In a federal court in Seattle, Washington on October 19, Bombardier, the Canadian plane maker, filed a lawsuit against Mitsubishi Aircraft Corporation (the aircraft arm of Mitsubishi Heavy Industries), Seattle-based Aerospace Testing Engineering & Certification Inc (AeroTEC) and several former Bombardier employees.
AeroTEC is currently aiding Mitsubishi Aircraft obtain 90-passenger jet certification by regulatory bodies. Bombardier is alleging that a number of their employees who were recruited by Mitsubishi or AeroTEC took confidential documents and data with them which was related to the certification of airplanes in Canada and the United States. Bombardier has requested a preliminary injunction stopping Mitsubishi Aircraft from using any of the information it claims has been taken by former employees who are alleged to have emailed copies of sensitive documents to their private email accounts prior to leaving Bombardier.

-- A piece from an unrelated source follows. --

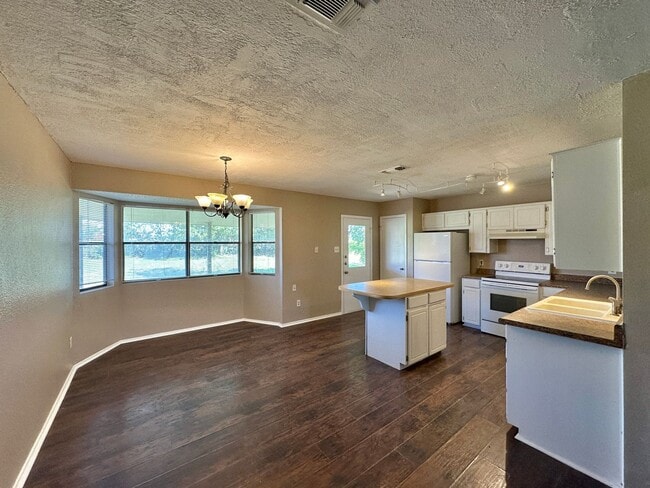 Building Photo - $300 Off 1st Months Rent!  Viewable Now!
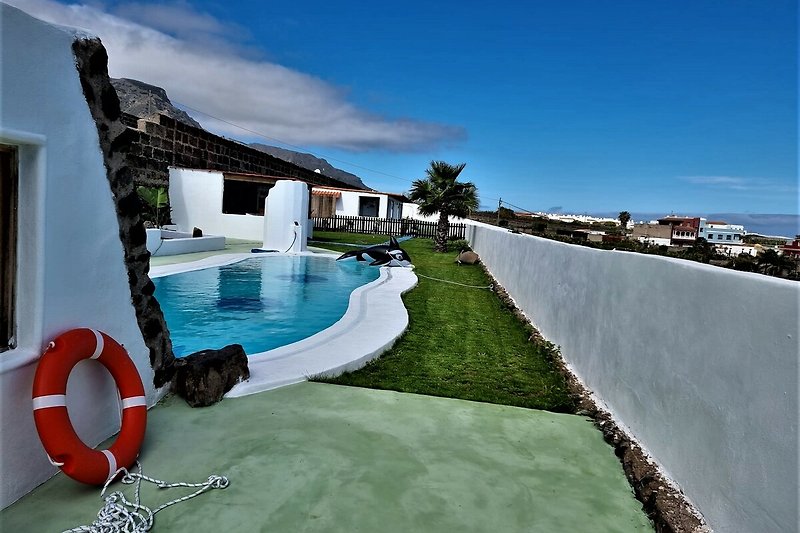 Schönes Ferienhaus mit Pool und Blick auf das Meer.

While AeroTEC has yet to comment, Mitsubishi Aircraft have openly denied any wrongdoing, calling Bombardier’s allegations “groundless.”
The Mitsubishi Regional Aircraft (MRJ) is the first passenger plane to be built in Japan since the 1960s and the project has been plagued by constant delays. While the initial launch date had been penned in for 2013, it is now anticipated that ANA Holdings, the launch customer, will not receive the first aircraft delivery until 2020.
One of the reasons cited by Mitsubishi Aircraft for delays in the past has been obtaining certification. Bombardier is anxious that the MRJ will be the forerunner to additional jets which will compete directly with what was the Bombardier 110-130-seat CSeries, recently renamed the Airbus A220.
Bombardier said it took it nearly a decade to take its CSeries from concept to commercial flight and that only four companies since 2000 had been able to develop a “clean-sheet” aircraft program approved by regulators in Canada, Europe and the United States.